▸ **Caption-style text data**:
• • • •
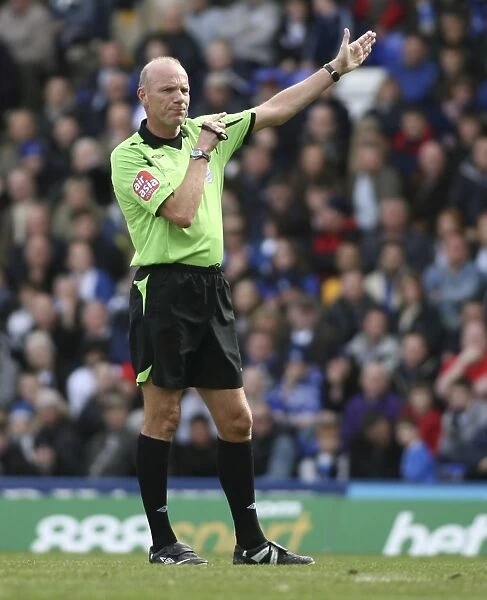 Everton vs. Birmingham City: Steve Bennett Referees in Barclays Premier League Clash at St. Andrews (April 12, 2008)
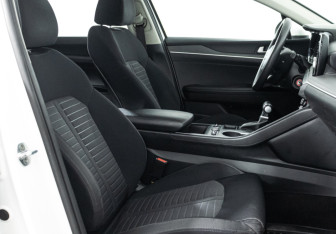 Подержанный автомобиль Kia K5 2020 года (15 фото)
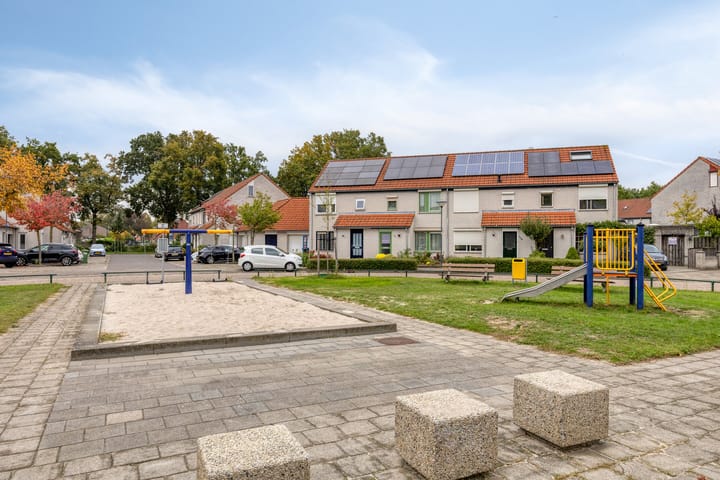 Photo 30 of Hunzestraat 106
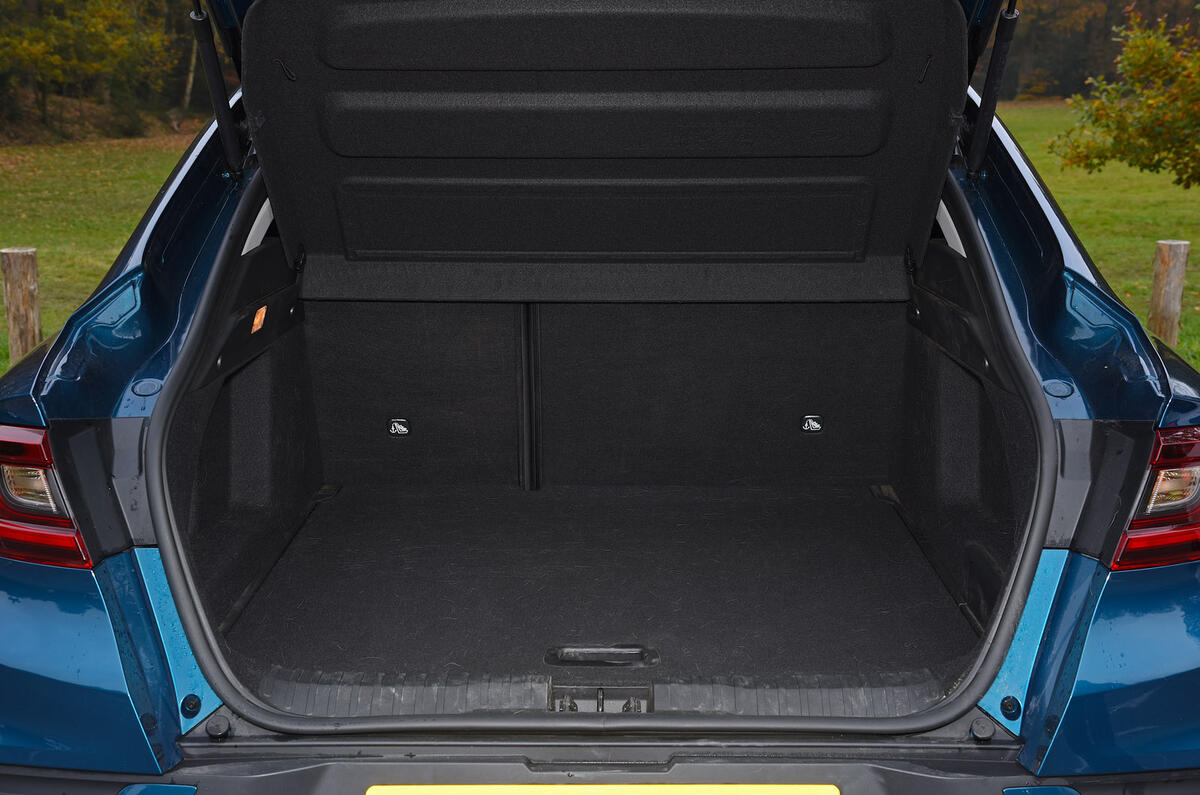 15 Renault Arkana 2022 long term review boot 15 Renault Arkana 2022 long term review boot
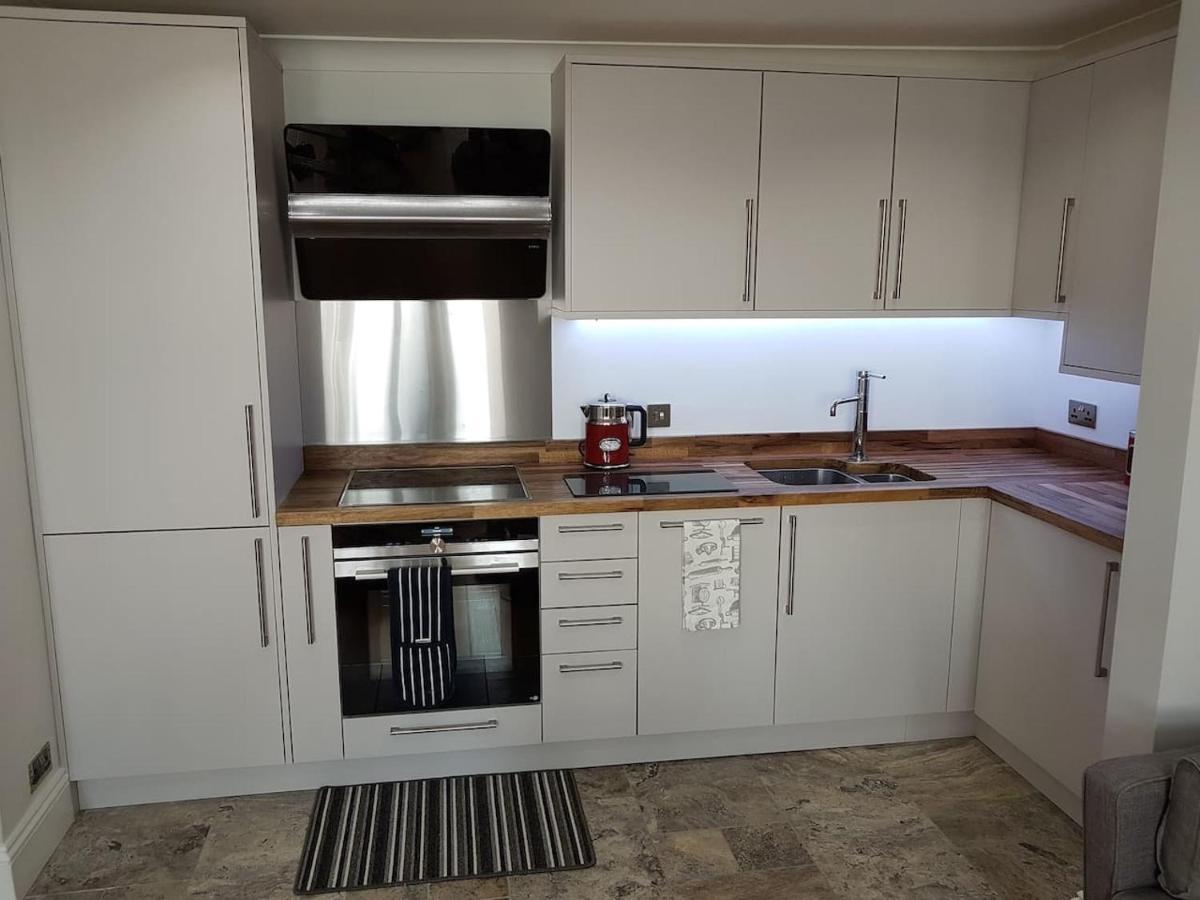 Direct Sea Views Seafront Location & Free Parking Apartment *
• • • •
▸ **YOUR ASSIGNMENT**: Leave out every picture, and repeat word for word only the lines from the one holding "Подержанный автомобиль Kia" through the end of the entries above, both ends included.

▸ **WRITTEN SOLUTION**:
 Подержанный автомобиль Kia K5 2020 года (15 фото)
 Photo 30 of Hunzestraat 106
 15 Renault Arkana 2022 long term review boot 15 Renault Arkana 2022 long term review boot
 Direct Sea Views Seafront Location & Free Parking Apartment *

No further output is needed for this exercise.